見出し画像

《モナ・リザ》のある場所


《モナ・リザ》の視線

《モナ・リザ》を最初に見たのは小学校の職員室だ。入口の高い壁面に《モナ・リザ》は掛けられている。入る時にはわからないけれど、帰る時には、いつも、高い場所から微笑みながら見下ろしてくれていたはずだ。どこから見ても、鑑賞者に視線を合わせてくれると言われていたので、不思議な感じがした。ほんとにそうだろうかと職員室に入る時は、大抵は、《モナ・リザ》の視線を気にしていたと思う。

記憶を辿っていくと、近くの公民館にあった教育委員会の入口の壁にも《モナ・リザ》の額があった。
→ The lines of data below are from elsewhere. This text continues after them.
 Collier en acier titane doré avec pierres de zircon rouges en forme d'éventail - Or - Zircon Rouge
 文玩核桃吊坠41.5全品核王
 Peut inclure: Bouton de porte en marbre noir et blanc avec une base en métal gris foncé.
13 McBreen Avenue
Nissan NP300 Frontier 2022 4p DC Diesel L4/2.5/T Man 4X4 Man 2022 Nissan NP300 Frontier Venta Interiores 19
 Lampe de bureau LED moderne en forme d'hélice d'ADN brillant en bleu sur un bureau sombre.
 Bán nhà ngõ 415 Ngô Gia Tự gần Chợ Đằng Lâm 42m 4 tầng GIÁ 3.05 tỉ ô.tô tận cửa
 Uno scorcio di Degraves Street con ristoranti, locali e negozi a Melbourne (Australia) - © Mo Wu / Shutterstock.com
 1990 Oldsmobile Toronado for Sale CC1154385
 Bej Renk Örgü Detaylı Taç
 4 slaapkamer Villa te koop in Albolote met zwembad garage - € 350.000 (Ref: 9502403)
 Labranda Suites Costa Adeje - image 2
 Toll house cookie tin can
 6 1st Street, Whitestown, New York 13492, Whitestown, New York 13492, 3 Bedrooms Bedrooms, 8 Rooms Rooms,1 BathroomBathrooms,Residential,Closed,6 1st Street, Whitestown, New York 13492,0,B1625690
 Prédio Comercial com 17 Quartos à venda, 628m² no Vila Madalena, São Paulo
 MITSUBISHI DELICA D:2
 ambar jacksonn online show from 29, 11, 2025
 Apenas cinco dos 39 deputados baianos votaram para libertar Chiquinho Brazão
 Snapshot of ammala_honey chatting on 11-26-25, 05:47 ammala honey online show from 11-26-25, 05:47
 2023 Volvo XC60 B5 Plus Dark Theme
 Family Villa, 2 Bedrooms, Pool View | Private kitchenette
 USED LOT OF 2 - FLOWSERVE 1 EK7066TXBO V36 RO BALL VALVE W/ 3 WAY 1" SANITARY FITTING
壁の上方にある絵画は、鑑賞者を遠ざけ、拒否する位置にある。神棚と同じ位置だ。見ようと思っても、あまりよく見えないし、印象だけが増幅する。印象だけが増幅する高さにあって、《モナ・リザ》の頭から体にかけてのなだらか曲線だけが記憶される。髪の毛と、洋服の黒さが、シルエットになってデザインされる。そして、空気遠近法で描かれた背景がより《モナ・リザ》の神秘性を加速する。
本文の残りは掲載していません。